My new friend was a poet as I was; he was an admirer of Italian
literature, while I admired the French.

We exchanged addresses, and promise to see one another very often.

I see a crowd in one corner of the garden, everybody standing still
and looking up. I enquire from my friend whether there is anything
wonderful going on.

"These persons are watching the meridian; everyone holds his watch in
his hand in order to regulate it exactly at noon."

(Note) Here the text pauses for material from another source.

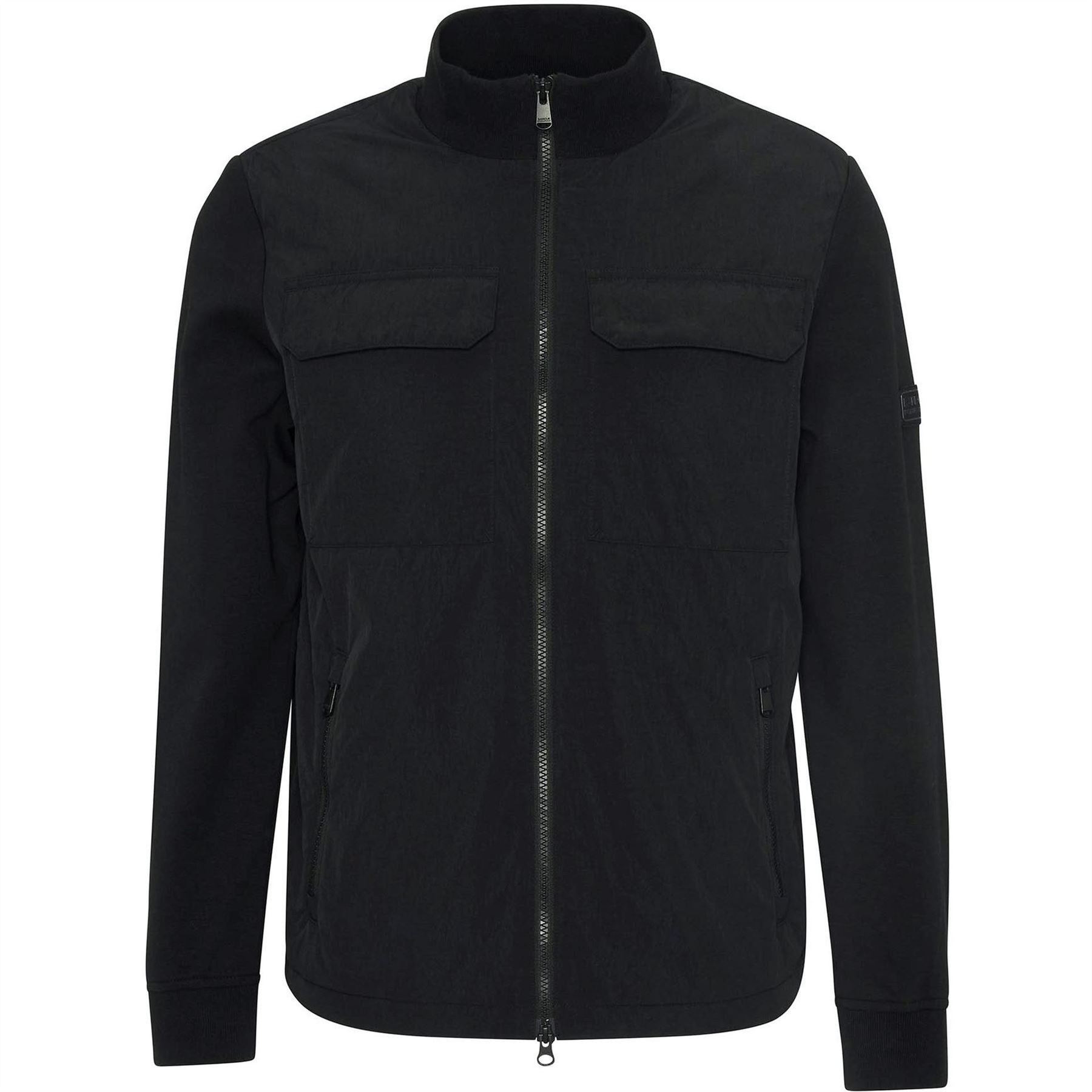 Barbour International Quilted Sweater Jacket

"Is there not a meridian everywhere?"

"Yes, but the meridian of the Palais-Royal is the most exact."

I laugh heartily.

"Why do you laugh?"

"Because it is impossible for all meridians not to be the same. That
is true 'badauderie'."

My friend looks at me for a moment, then he laughs likewise, and
supplies me with ample food to ridicule the worthy Parisians. We
leave the Palais-Royal through the main gate, and I observe another
crowd of people before a shop, on the sign-board of which I read "At
the Sign of the Civet Cat."

"What is the matter here?"

"Now, indeed, you are going to laugh. All these honest persons are
waiting their turn to get their snuff-boxes filled."

"Is there no other dealer in snuff?"

"It is sold everywhere, but for the last three weeks nobody will use
any snuff but that sold at the 'Civet Cat.'"

"Is it better than anywhere else?"

"Perhaps it is not as good, but since it has been brought into
fashion by the Duchesse de Chartres, nobody will have any other."

"But how did she manage to render it so fashionable?"

"Simply by stopping her carriage two or three times before the shop
to have her snuff-box filled, and by saying aloud to the young girl
who handed back the box that her snuff was the very best in Paris.
The 'badauds', who never fail to congregate near the carriage of
princes, no matter if they have seen them a hundred times, or if they
know them to be as ugly as monkeys, repeated the words of the duchess
everywhere, and that was enough to send here all the snuff-takers of
the capital in a hurry. This woman will make a fortune, for she
sells at least one hundred crowns' worth of snuff every day."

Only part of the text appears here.